Data extract:

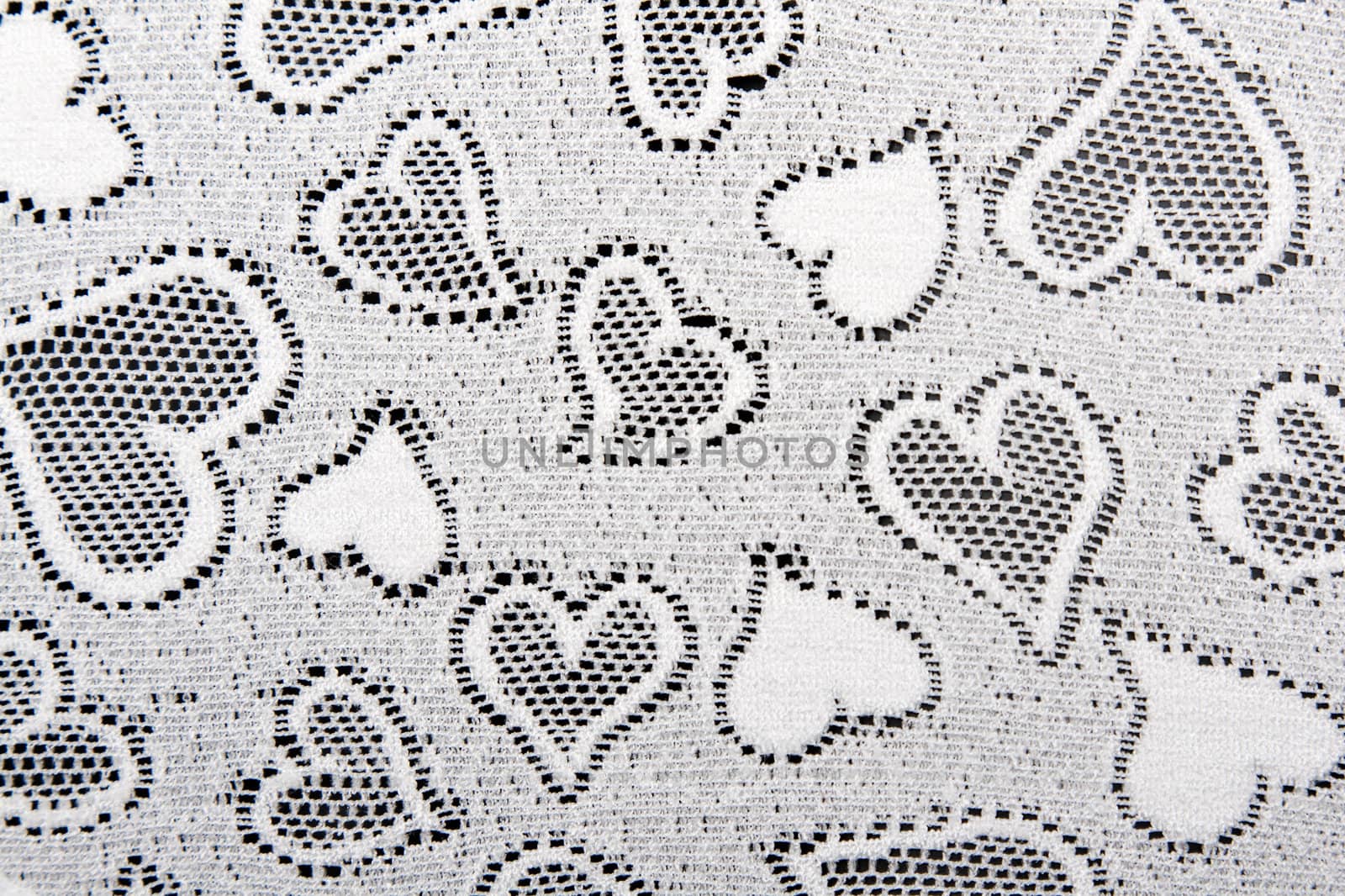 white lace patterned with hearts background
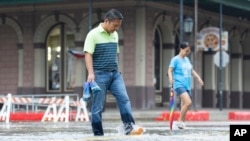 Roy Quiroz and his wife, Minda, cross a flooded section of The Strand near Kempner Street as rain falls in Galveston, Texas, June 19, 2024. Tropical Storm Alberto has formed in the southwestern Gulf of Mexico, the first named storm of the hurricane season.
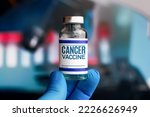 Small photo of Experimental cancer vaccine vial for immunization against Cancer disease. Doctor with vial of the Cancer vaccine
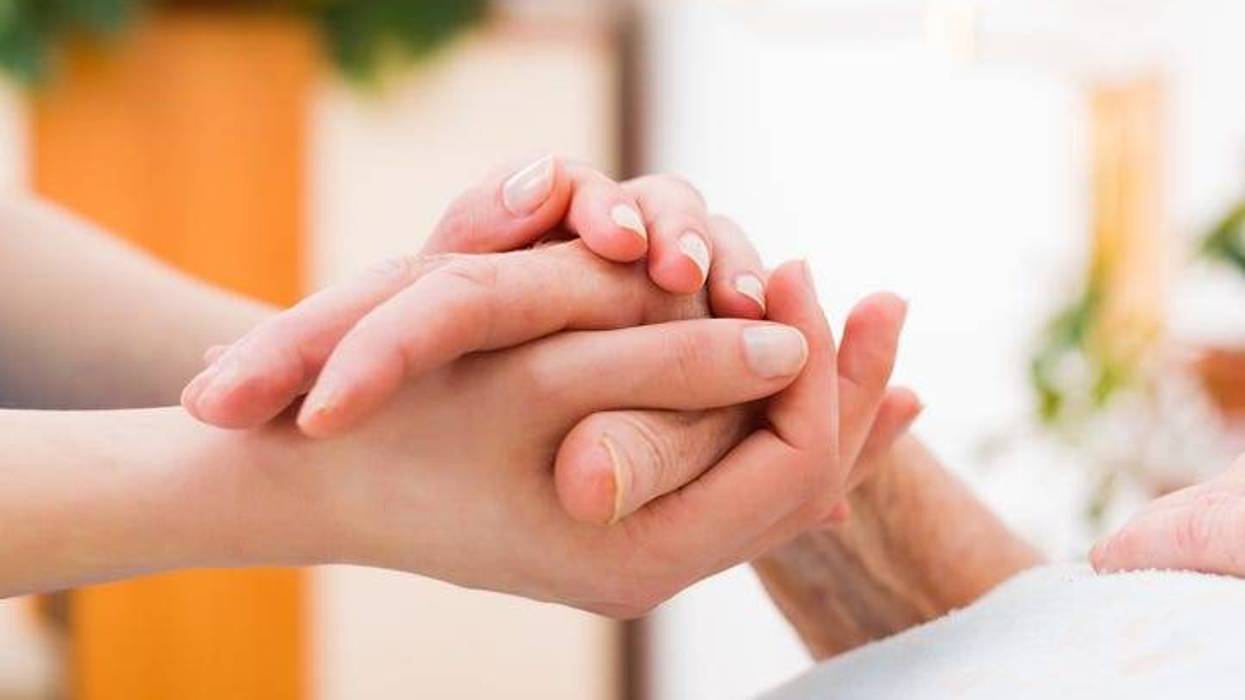 A caregiver holding a person's hand.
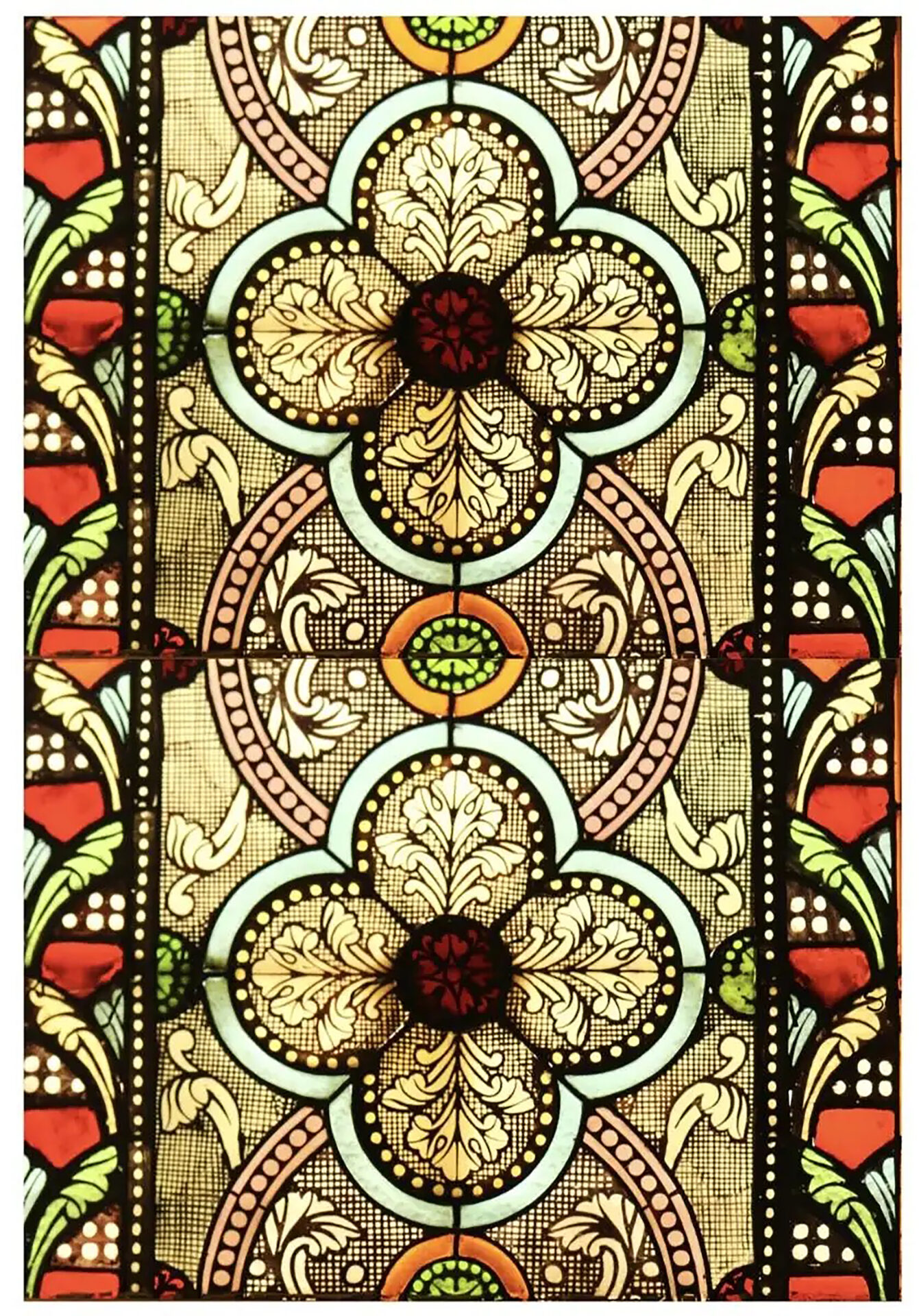 featured in the russell nashville, a Stained Glass Window with flowers and swirls in orange, green, and browns 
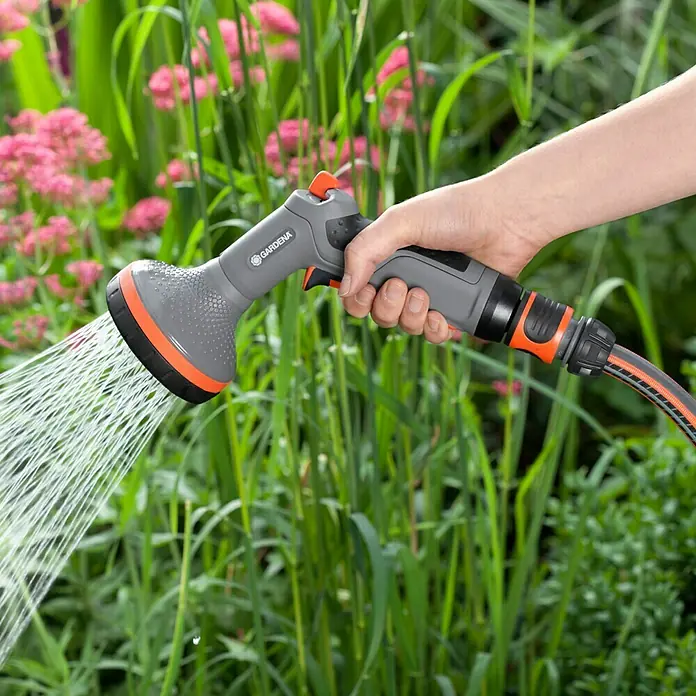 Gardena Comfort Brause - Anzahl Sprühformen: 2 Stk., Metall/Kunststoff, Geeignet für: Pflanzreihenbewässerung - Nahaufnahme einer Hand, die eine Gardena-Gartenspritze hält, die Wasser auf Blumen und Pflanzen in einem Garten sprüht.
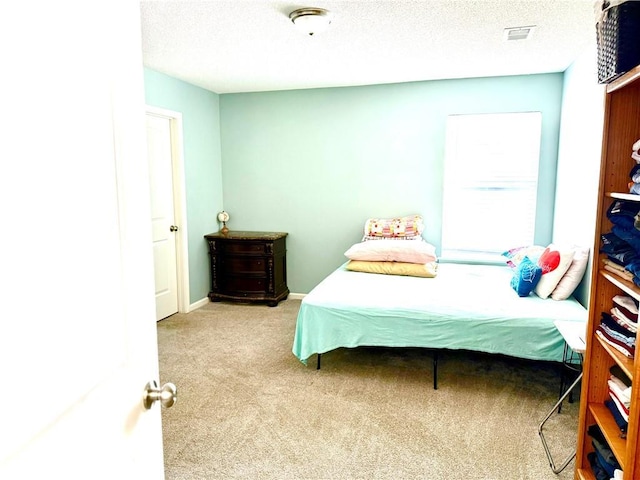 carpeted bedroom with a textured ceiling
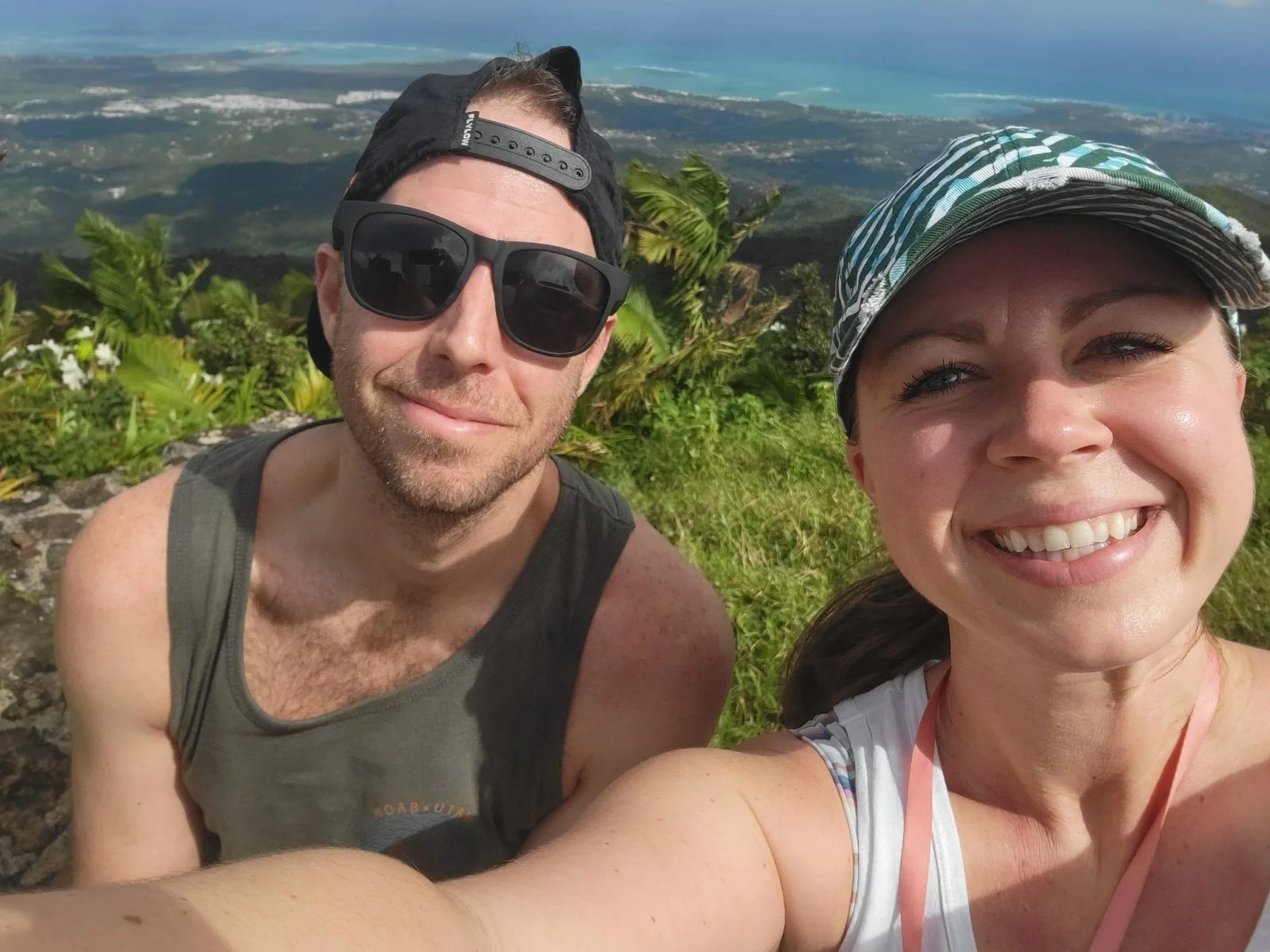 A man and woman taking a selfie outdoors with lush green vegetation and a distant view of the coastline in the background, both smiling and wearing casual summer clothing and hats.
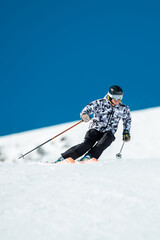 Expert skier on the slopes of Grandvalira in Andorra in Winter 2024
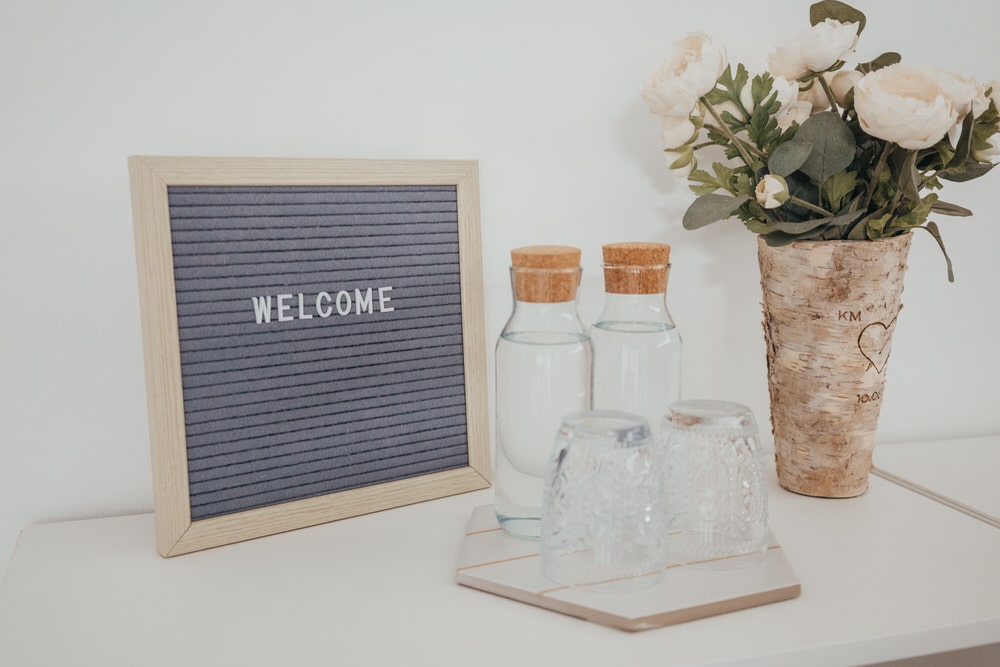 A welcome sign inside a newborn photography studio.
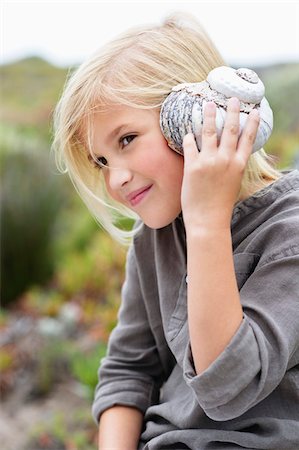 south africa and looking away - Close-up of a girl listening to a conch shell Stock Photo - Premium Royalty-Free, Code: 6108-05869737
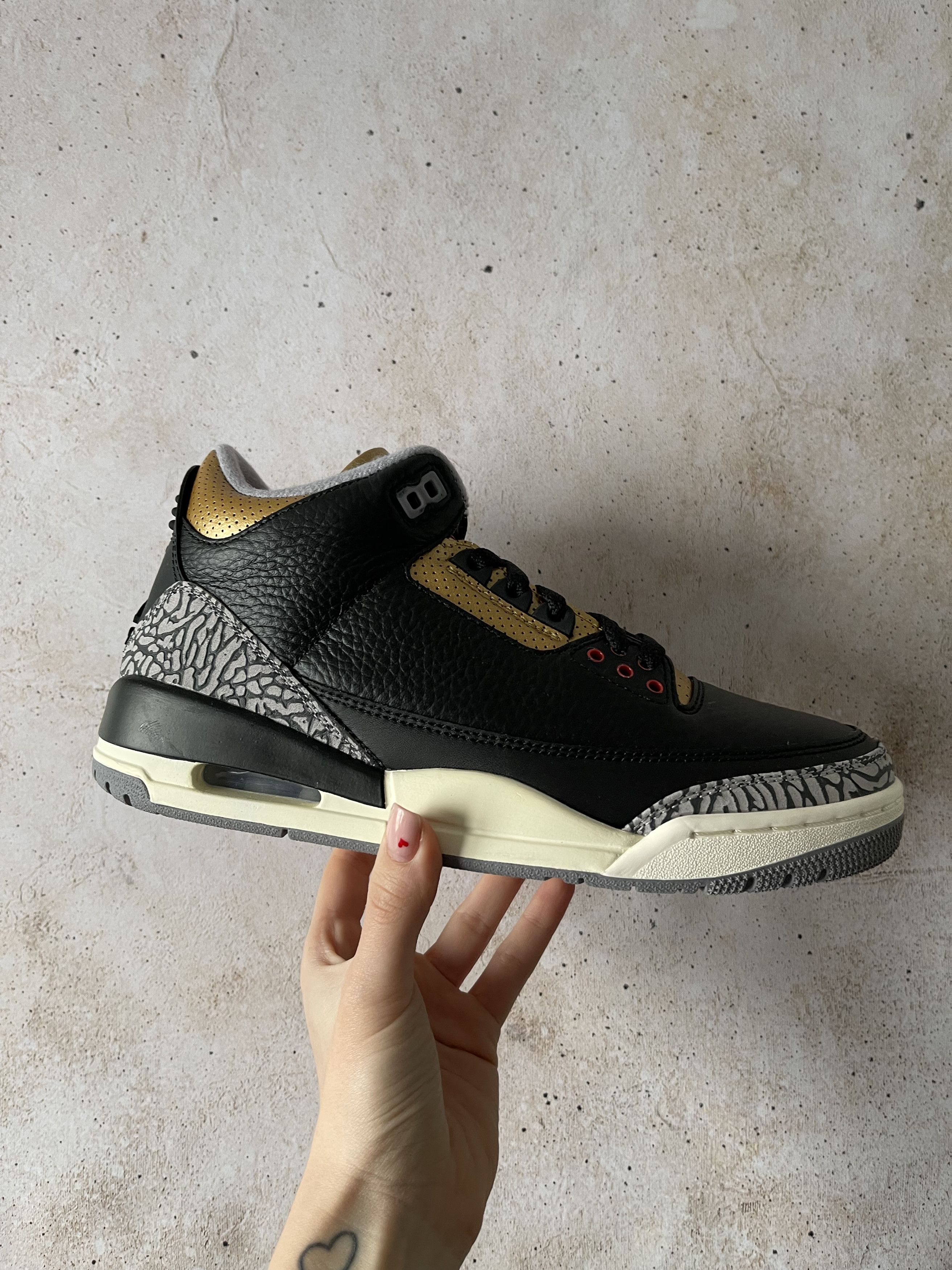 image of Jordan Brand 3 Retro Black Cement Gold (Women's) Shoes in Black/Fire Red/Metallic Gold (Size 9)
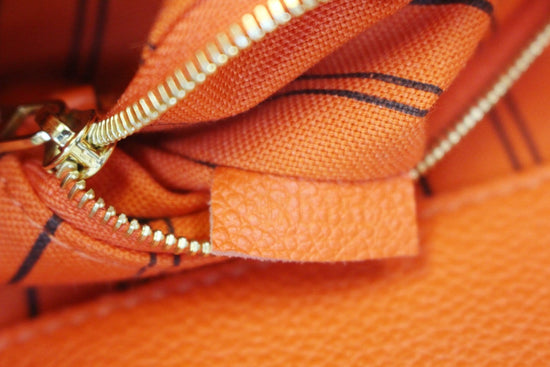 LOUIS VUITTON Orange Monogram Empreinte Leather Bagatelle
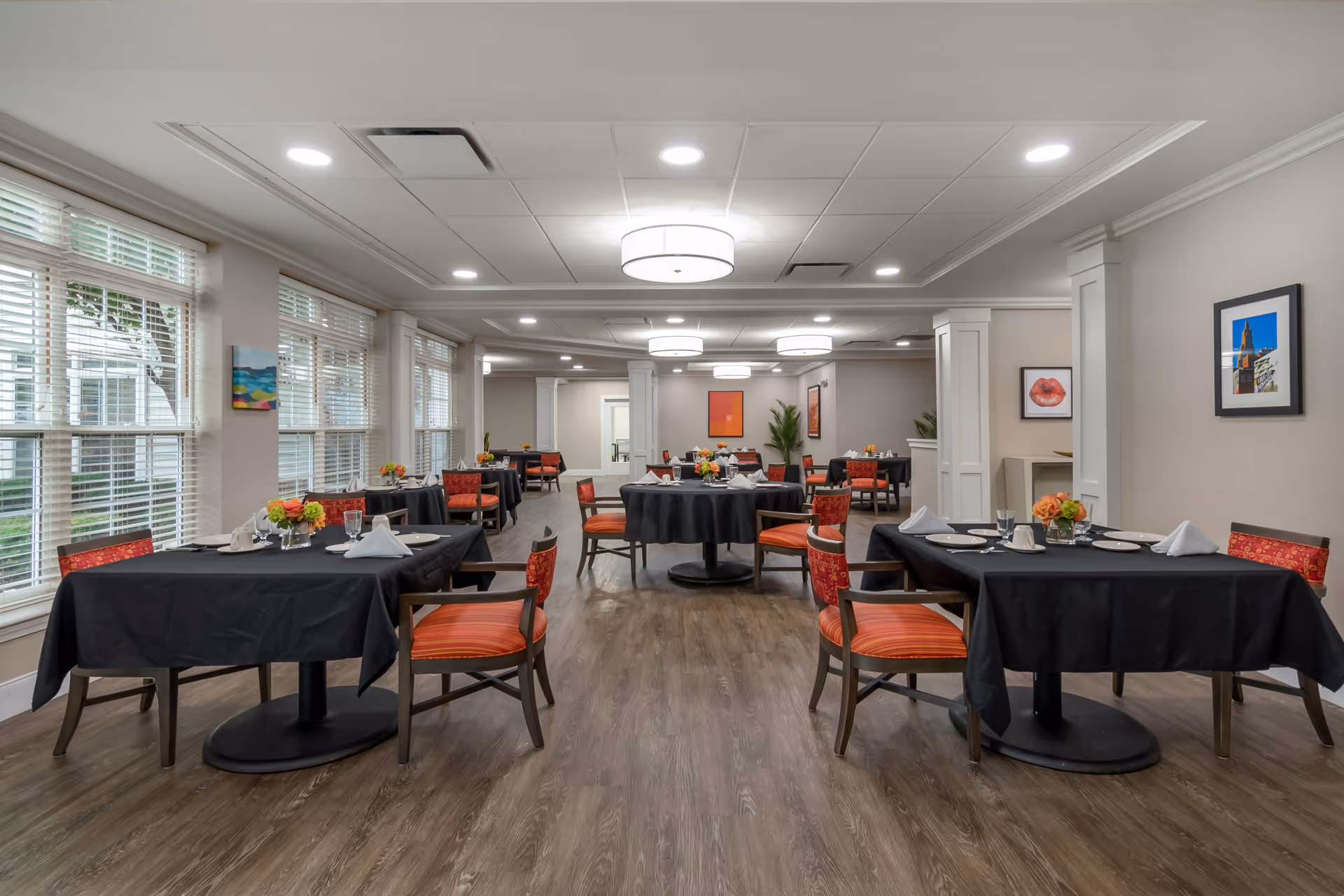 Bright dining room with round and rectangular tables set with black tablecloths, red upholstered chairs, and large windows.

Work task: Retype the line containing "A welcome sign" and all lines after it to the end of the material, exactly as written, leaving out any pictures.

Worked solution:
 A welcome sign inside a newborn photography studio.
 south africa and looking away - Close-up of a girl listening to a conch shell Stock Photo - Premium Royalty-Free, Code: 6108-05869737
 image of Jordan Brand 3 Retro Black Cement Gold (Women's) Shoes in Black/Fire Red/Metallic Gold (Size 9)
 LOUIS VUITTON Orange Monogram Empreinte Leather Bagatelle
 Bright dining room with round and rectangular tables set with black tablecloths, red upholstered chairs, and large windows.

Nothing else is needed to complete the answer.